Naquele instante, porém, ressoa do alto, do templo superior3, da igreja baixa pintada por Giotto, no cântico que salmodia até ao vértice de sua paixão, ressoa, como raio a ecoar toda a explosão do meu tormento, condensando minha tempestade, ressoa, no clamor da música e das vergas batendo no solo, o grito derradeiro do Cristo que morre.

Esse grito me atinge e me fere. Alguma coisa se dilacera em mim; abre-se uma fenda em minha alma.

O extremo apelo me convoca: é o lamento do Cristo, é a dor do mundo, é uma convergência, em mim, de forças superiores e inferiores; sinto minha alma fugir-me, arrebatada num vértice de forças titânicas, sinto a Voz instar dentro de mim e repito: "Senhor, seguir-Te-ei até à cruz".

Estou esmagado pelo peso de uma promessa solene.

*   *   *
Torno a subir à  igreja média, pintada por Giotto.

Apaga-se a última vela. É noite. Ouço ainda mais perto, dentro de mim, a repetir-se, o grito do Cristo a morrer.

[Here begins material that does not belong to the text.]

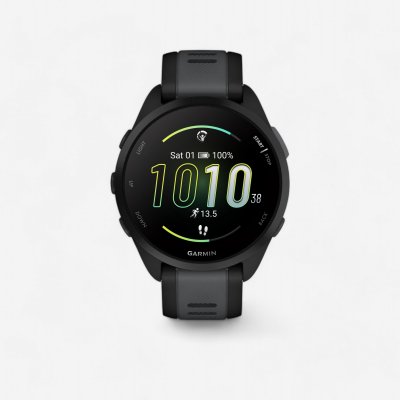 GARMIN  Forerunner 165 Music Noir Unique 2024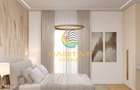 Apartament 3 camere Rezidential NOU - finalizat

Ele aqui está, no momento, presente.

Rasga-se, então, ante meus olhos, a visão da Terra e do Céu.

O Céu chora a agonia e a .paixão de amor de um Deus, a Terra treme, convulsa, no pressentimento de um vendaval sem nome

O drama do homem e o drama de Deus se conjugam nesta hora suprema de paixão.

Olho, atemorizado. Vejo um turbilhão de forças que se projeta para a Terra e vejo a Terra sacudida, agitada, submersa num mar de sangue.

É a hora tétrica da paixão do mundo. E parece sem esperança. O cerco estreita-se cada vez mais; bem depressa estará fechado e tarde será para escapar à compressão.

A mão do Eterno empunha o destino do mundo; estão prontas a desencadear-se as forças para o choque fatal. Esta próxima a hora das trevas, do mal triunfante, da prova suprema. Feliz quem não for vivo, então, sobre a terra.

O amor de Deus deve retrair-se um momento, para que a justiça seja feita e o destino, desejado pelo homem, se cumpra.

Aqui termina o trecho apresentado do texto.